And the ones who are dangerously different - the rapists, the child predators - know how to hide.  That's the problem with having instincts mixed with intelligence.  We have our instincts telling us that different could be dangerous and most of the time our intelligence isn't enough for us to understand that most of the really dangerous people are smart enough to hide.  But we ignore that and pick on the obviously different because they're easier to catch. 

This entry is long, rambling, repetitive, probably incoherent and I feel as though I've strayed from my essential point.  You be the judge.  

Date: 2010-10-01 10:40 pm (UTC)
From: [identity profile] lefaym.livejournal.com
What affects me is the one time I bullied.

I know what you mean here. :( In my primary school, there was one girl who had a lower status than me. I discovered some embarrassing information about her, and I told everyone. I still feel horrible about that to this day. The worst thing is, she never found out that I started the rumour.

I have read that teaching philosophy in schools reduces bullying -- basically, if kids learn to THINK, they're more likely to think about others and how they feel.

Date: 2010-10-01 10:41 pm (UTC)
From: [identity profile] teleens-journal.livejournal.com
Interesting thought and probably true.

Date: 2010-10-01 11:03 pm (UTC)
From: [identity profile] darth-eldritch.livejournal.com
Interesting about teaching philosophy. Thank you for that info!

Date: 2010-10-01 11:00 pm (UTC)
From: [identity profile] kadymae.livejournal.com
There's a perception that childhood is something that's supposed to toughen a person up for the real world and being bullied will make someone stronger

I agree with this to a degree.

A certain amount of taunting wakes you up at an early age to the fact that life isn't smooth and fair and that some people are just self-absorbed, lying shitheads.

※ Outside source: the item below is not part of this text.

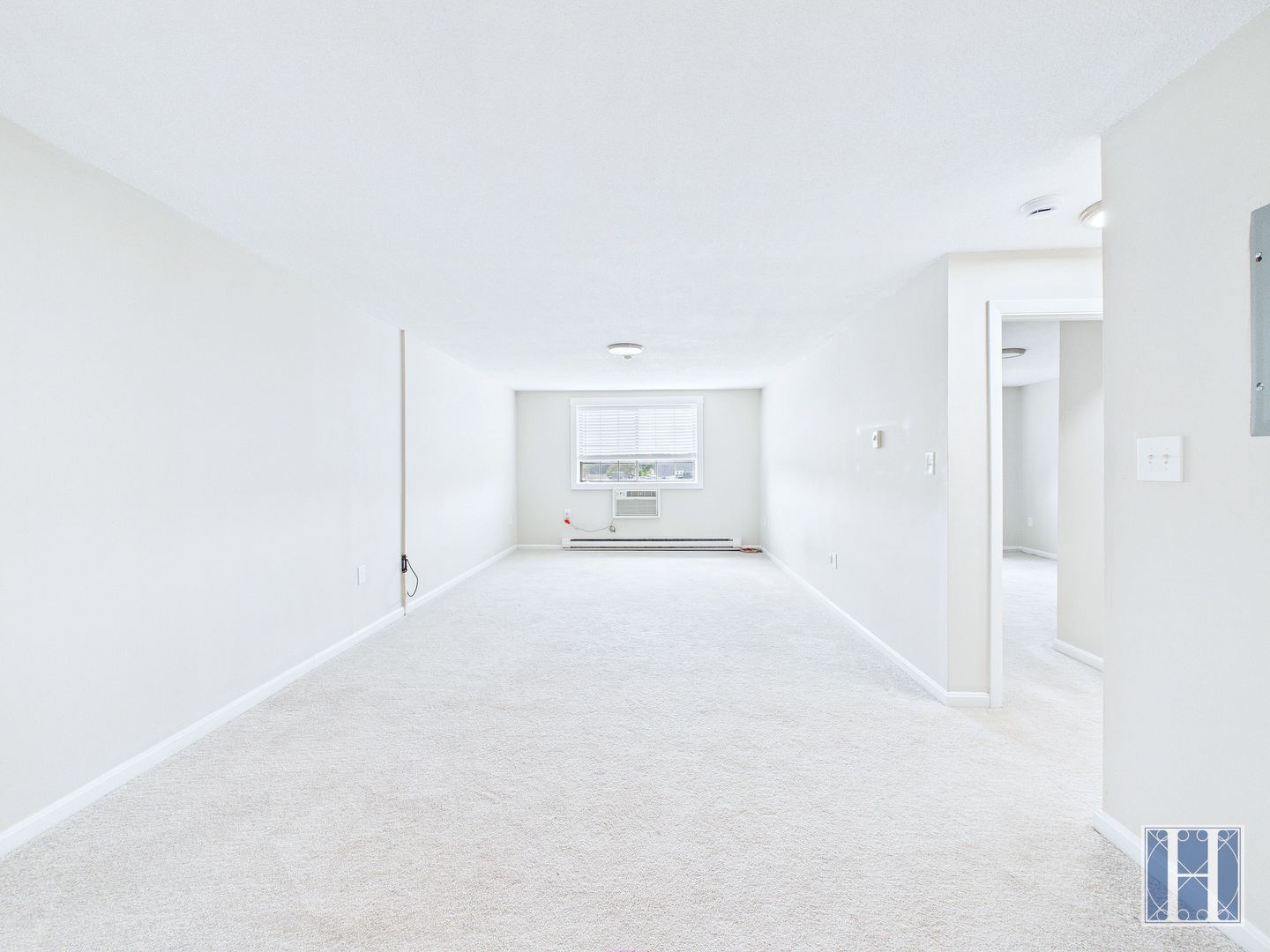 Rockland Apartment: 261 Union St.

And, if you've got the right personality and/or enough positive reinforcement from home and your peers, it will teach you that you can be tough and stand up for yourself.

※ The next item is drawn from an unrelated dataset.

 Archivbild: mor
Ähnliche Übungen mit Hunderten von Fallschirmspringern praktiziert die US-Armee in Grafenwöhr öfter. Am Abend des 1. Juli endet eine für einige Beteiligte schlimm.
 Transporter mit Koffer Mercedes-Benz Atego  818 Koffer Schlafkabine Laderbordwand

But when it's an unrelenting torrent of abuse that follows you home?

Very, very few children and adolescents have that super-resilient personality, and frankly, love from home isn't enough to strengthen the average kid against it.

And I'll say it now, if you are the parent of a child and it's gotten to the point that your kid says something to you about it, or that you notice something that's really wrong.

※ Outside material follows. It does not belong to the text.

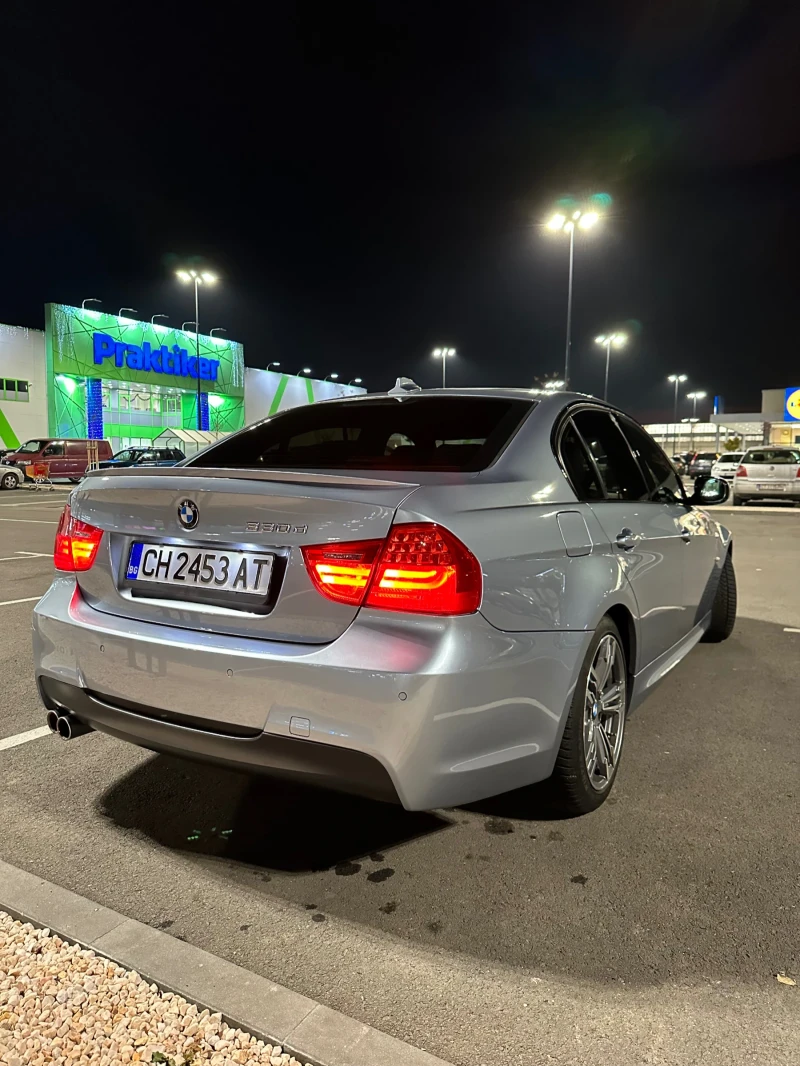 BMW 330 330D - 245HP M-Paket Facelift , снимка 16 - Автомобили и джипове - 48542092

1) Don't ever tell your kid to stop whining, or to just try to ignore it. Listen, and then give your kids some suggestions on how to stand up for themselves.

(My dad taught me how to fight. It was 100% clear that I was never to throw the first punch unless somebody pushed me, punched me, or was trying to steal from me. And after that, I was okay fight back with everything I had.)

2) If teaching your kid how to deliver a withering counter-putdown and/or throw a punch isn't enough, talk to the school.

3) Write it down. Any time you make a phone call and/or talk to somebody at the school about the issue, fire off an email to the person you talked to. "This is just to confirm the conversation we had on [date], where you said ...."

4) Lawyer up. If the school doesn't take it seriously, doesn't follow through on their word (remember, you've got those emails to document it), and tries to write off egregious abuse as "kids will be kids" you are going to need a lawyer to remind them that they are in loco parentis and have moral and legal obligations for the health, welfare, and safety of your child. And, depending on the kind of abuse, it can be a Civil Rights issue.

5)If you have to go to the press, or if it gets to the press, on top of pointing out that the kind of sustained, documented abuse your child has received would be illegal in the workplace, but also, the issue at this point is not only your kid, but the fact that letting the bullies get away with behavior like this now sets them up for failure later in life when they get into the workplace and don't know appropriate workplace behavior. This repeated pattern of failure to enforce basic standards of civil behavior shows that the Admin and Board are failing everybody elses' kids.

Date: 2010-10-01 11:06 pm (UTC)

Date: 2010-10-01 11:13 pm (UTC)
From: [identity profile] darth-eldritch.livejournal.com
Excellent piece on bullying! It was cohesive and flowed smoothly, and it was clear how it all comes together.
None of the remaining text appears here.